For Bangladesh, export to Japan is a multifaceted affair.
The good things are: the island nation holds a $1.28 billion export potential and offers duty- and quota-free market access. The bad aspect is Bangladesh cannot seize it, because of a lack of external trading skill, local bureaucratic tangles, corruption and Bangladesh's higher cost of doing business, according to economists and businessmen at a dialogue in Dhaka Wednesday.
Take the example of Bangladesh's T-shirt and cotton vest export to Japan. The annual export now hovers around only $127 million though the segment is potentially as big as $357 million. In other words, 64% of the export opportunities remain unused.
On the eve of the golden jubilee of Dhaka-Tokyo diplomatic ties, the Centre for Policy Dialogue (CPD) noted Bangladesh can earn $526 million more from the current top ten exporting items if the irregularities are sorted out.
The ten items are now fetching the country $754 million as 77% of the export potentials are untapped.
Meanwhile, Japanese Ambassador to Bangladesh ITO Naoki reminded of the challenges stemming from Bangladesh's official graduation to a developing country in 2026. After graduation, most Bangladeshi products will have to enter the Japanese market with a 7.4% to 12.8% tariff.
The CPD requested for signing a free trade agreement and effective GSP Plus agreements by Japan so that Bangladeshi products can enjoy different market facilities to the island nation.

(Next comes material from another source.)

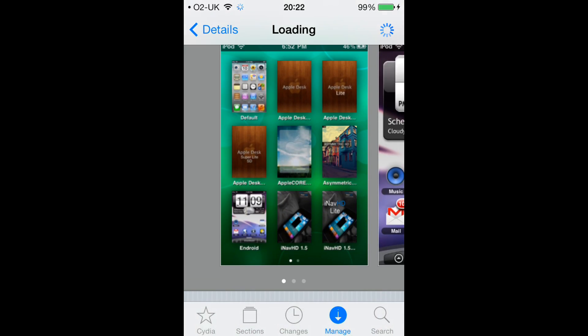Yeah, here you can totally change the look of your device. As you can see in the bottom left of this screenshot, it says Android, which is the look of an Android phone.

In reply, the ambassador emphasised removing the trade barriers immediately.
ITO Naoki said, "The rapidly developing economy of Bangladesh is attracting Japanese investments, as the investment to Bangladesh has almost tripled in the last decade."

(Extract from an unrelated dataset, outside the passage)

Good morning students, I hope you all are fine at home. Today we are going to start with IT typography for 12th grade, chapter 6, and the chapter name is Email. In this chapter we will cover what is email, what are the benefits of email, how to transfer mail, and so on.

The ambassador noted that the local industry must be diversified, new technologies need to be introduced and a skilled workforce should be developed.

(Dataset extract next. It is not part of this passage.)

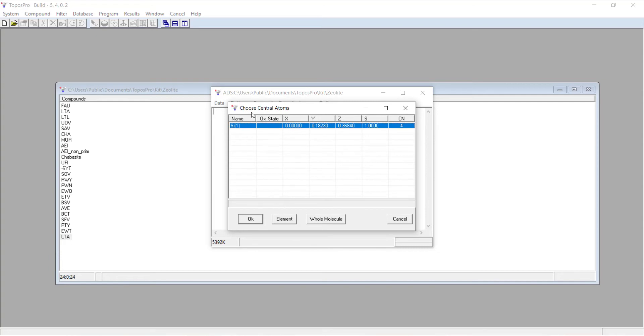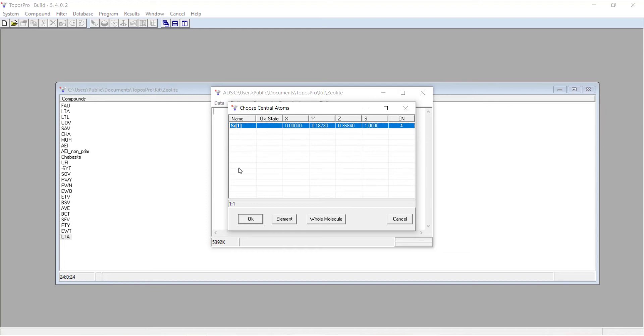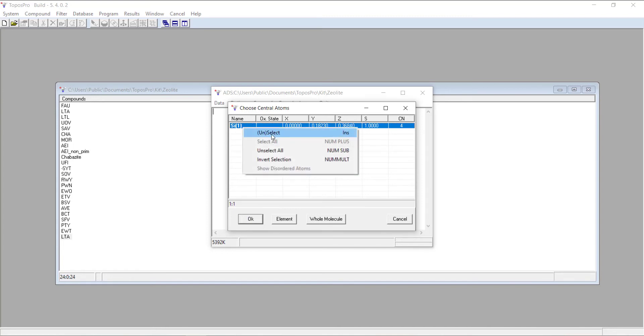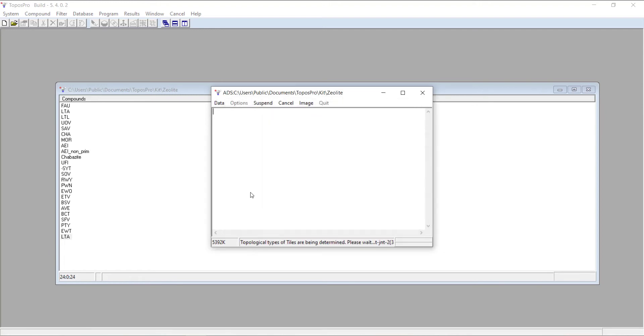Then you get to this page which says choose your central atoms, similar to what you did for the simplified net before. Silicon is going to be our central atom. If you add aluminum, you can pick that as well, but we've only got silicon. Or if you have multiple silicons, you want to select all of those. You can either right-click and say select, or you can press insert on your keyboard, or you can press plus on your number pad to select everything.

"I believe the expansion of the FDI [foreign direct investment] particularly from the Japanese private sector will help Bangladesh to address those challenges. Increasing the ratio of the FDI with the GDP is very crucial," he said, adding "We expect further progress in ease of doing business and coordinated and focused effort on the field."
"We hope the government will take up the issues seriously that the Japanese companies are now facing such as delay in the customs clearance, various taxations, restriction on the telegraphic transfer for import payment and discrimination in the export incentives among the domestic and foreign companies," added ITO Naoki.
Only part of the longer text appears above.